As for the c16rtomb and c32rtomb functions, they're defined in the uchar.h header, and the C18 standard says "7.28 Unicode utilities <uchar.h>", I take that to mean that these functions should convert between different representations of Unicode.

  1. You mention building multi-byte support over wide char support. However, if I am reading it right, it doesn't seem like it?

I not sure what you're referring to here? Do you mean where I said that I only intend to implement enough of the wchar header to support uchar, aka declare the mbstate_t type, and the mbstate_init function; and only becaose the standard declares this type and function in wchar, maybe it'd be better to put these parts in an internal uchar implementation file?

A generic comment: I think you are not using pointers correctly. For example, in the mbrtoc16 function, you have this:

if ((s & 0x80) == 0) {
    // ASCII
} else if ((s & 0x80) == ) 
...

s is of type const char *restrict. Seems to me like that the intention here is to compare first the character *s?

Yes, you're right I originally wrote the code using different variable names using a very different implementation, and I messed up the syntax when copypasting the correct variable names and overlooked them when changing them.

In few other places, I see incomplete code. Is the patch ready for review?

Not quite, there's still a few things I'm working on, and I'm working on a few different patches at the same time as well.

MarcusJohnson91 added a comment.EditedMay 22 2020, 1:24 PM

Hey guys: @sivachandra.

My clang-format patch landed yesterday so I'm working again on my libc patch to add uchar and maybe wchar stuff.

I've been rewriting c16rtomb and it works a lot better now but I was wondering how we're supposed to handle errors in llvm-libc?

like, if there's a low surrogate without a high surrogate preceding it, that's an error.

a lone surrogate is an error as well,

etc.

please tell me we don't have to use errno

Hey guys: @sivachandra.

My clang-format patch landed yesterday so I'm working again on my libc patch to add uchar and maybe wchar stuff.

I've been rewriting c16rtomb and it works a lot better now but I was wondering how we're supposed to handle errors in llvm-libc?

LLVM-libc should do what the standards say.
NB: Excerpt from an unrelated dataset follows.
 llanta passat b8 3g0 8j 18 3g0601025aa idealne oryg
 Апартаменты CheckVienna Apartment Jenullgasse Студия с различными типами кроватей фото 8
For example, if the standards say that errno has to be set to a certain value to indicate error, then LLVM-libc should do that. Likewise, if standards say that the function in question should return an error value, then LLVM libc should do that.

I can probably give more specific answers if you can point out the particular function you are asking about.

Thanks,
Siva Chandra

Hey guys, I'm rebasing and starting work on this again, sorry for the wait I moved 2000 miles from Michigan to Oregon.

I have a question tho.

Uchar and wchar both rely on mbstate_t which is a global variable for their conversions.

I'm currently using an enum to hold the valid states different conversions can be in, and I'm wondering how it should all be layered together?

Should uchar depend on wchar, should wchar depend on uchar, should there be a private header that both of them use?

and also what about namespaces, should the enum be in a private namespace and the mbstate_t global be in a public namespace?

Any clarification would be great, thanks.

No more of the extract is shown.